Nine months of wind power

Let’s look at the nine months starting January 1, 2017 to the end of September and see what wind has contributed — and cost — Ontario ratepayers.  In the first nine months of 2017, industrial wind turbines could have produced about 9,820,000 megawatt hours (MWh) from Tx and Dx connected capacity — if curtailed generation was included!
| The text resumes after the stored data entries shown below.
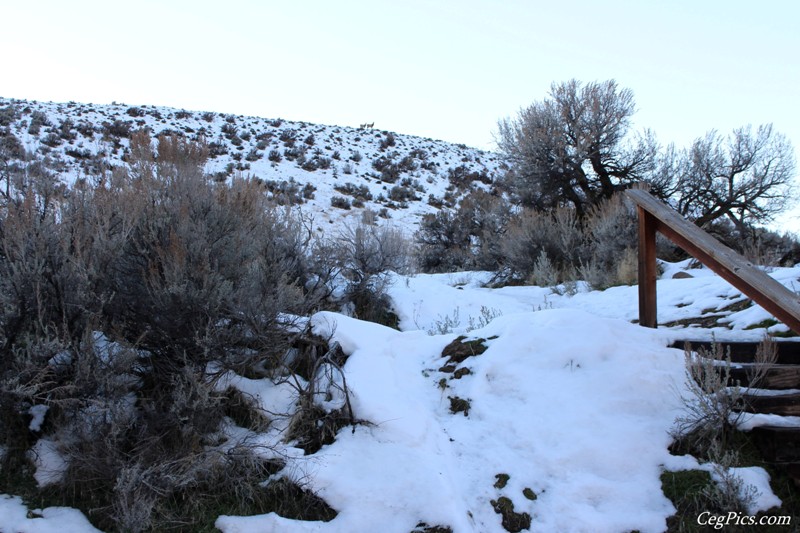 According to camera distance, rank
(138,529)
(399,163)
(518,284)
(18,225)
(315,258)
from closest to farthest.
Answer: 1. (138,529)
2. (18,225)
3. (315,258)
4. (518,284)
5. (399,163)

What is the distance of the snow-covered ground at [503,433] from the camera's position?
116 inches

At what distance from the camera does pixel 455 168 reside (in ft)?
94.4

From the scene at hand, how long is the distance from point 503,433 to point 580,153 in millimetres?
12121

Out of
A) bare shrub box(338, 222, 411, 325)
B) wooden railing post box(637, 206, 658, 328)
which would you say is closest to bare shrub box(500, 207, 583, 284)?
bare shrub box(338, 222, 411, 325)

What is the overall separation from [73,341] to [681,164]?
14468 millimetres

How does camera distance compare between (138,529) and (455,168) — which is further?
(455,168)

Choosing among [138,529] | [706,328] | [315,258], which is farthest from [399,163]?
[138,529]

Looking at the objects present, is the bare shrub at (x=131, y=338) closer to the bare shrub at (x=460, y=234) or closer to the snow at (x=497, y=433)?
the snow at (x=497, y=433)

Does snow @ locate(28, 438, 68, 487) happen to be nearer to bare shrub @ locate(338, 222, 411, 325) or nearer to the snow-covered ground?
the snow-covered ground

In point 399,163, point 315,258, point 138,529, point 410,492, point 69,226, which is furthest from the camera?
point 399,163

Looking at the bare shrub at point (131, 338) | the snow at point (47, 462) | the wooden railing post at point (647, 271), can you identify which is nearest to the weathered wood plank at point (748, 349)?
the wooden railing post at point (647, 271)

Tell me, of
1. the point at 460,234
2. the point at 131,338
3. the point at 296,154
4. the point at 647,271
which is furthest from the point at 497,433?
the point at 296,154

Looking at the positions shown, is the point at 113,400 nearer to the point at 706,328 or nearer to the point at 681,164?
the point at 706,328

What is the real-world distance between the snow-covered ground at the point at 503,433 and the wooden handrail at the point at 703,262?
0.59 m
IESO however, forced curtailment of over 2,209,000* megawatt hours (MWh) or 22.5% of forecast generation to avoid compromising our grid and causing blackouts or brownouts.  Ontario ratepayers picked up the cost of curtailed power at $120 per/MWh costing them more than $265 million. The grid-accepted wind (7,620,395 MWh) cost; at $135/MWh added to the cost of curtailed wind brought the cost to ratepayers to almost $1.3 billion and more than $170/MWh (17cents/kWh). We would note when wind generation is high, IESO frequently instructs OPG to “spill water” and Bruce Nuclear to “steam off” power. Ratepayers also pick up those costs.

Nine months of (net) exports

From January 1, 2017 to September 30, 2017, Ontario’s net exports (exports minus imports) were 9,058,008 MWh. Those net exports were sold at somewhere close to the HOEP or hourly Ontario electricity price which to the end of September averaged $16.15MWh, so net exports sales generated about $146 million in revenue.  The sale price does not include the GA or Global Adjustment (the difference between contracted or regulated rates and the HOEP), meaning Ontario’s ratepayers picked up the average GA costs to the end of September.  The GA averaged $98.48/MWh for the first nine months of the current year, so the 9,058,008 MWh of net exports cost Ontario’s ratepayers just over $892 million dollars!   That is the equivalent of almost $200 per average residential ratepayer.

And the year isn’t over.

To put those net exports in context, Ontario’s net exports represented slightly over 92% of both the curtailed and delivered wind generation in the first nine months of the year, yet we were burdened with the cost of $892 million dollars for them, along with the costs of wind curtailment of $265 million.

The foregoing makes CanWEA’s claim of “low-cost electricity” and the Energy Ministry’s comments about wind power “being produced more efficiently” look to be simply fond hopes!

 

 

* My thanks to Scott Luft for his ability to generate reliable wind data using IESO’s files.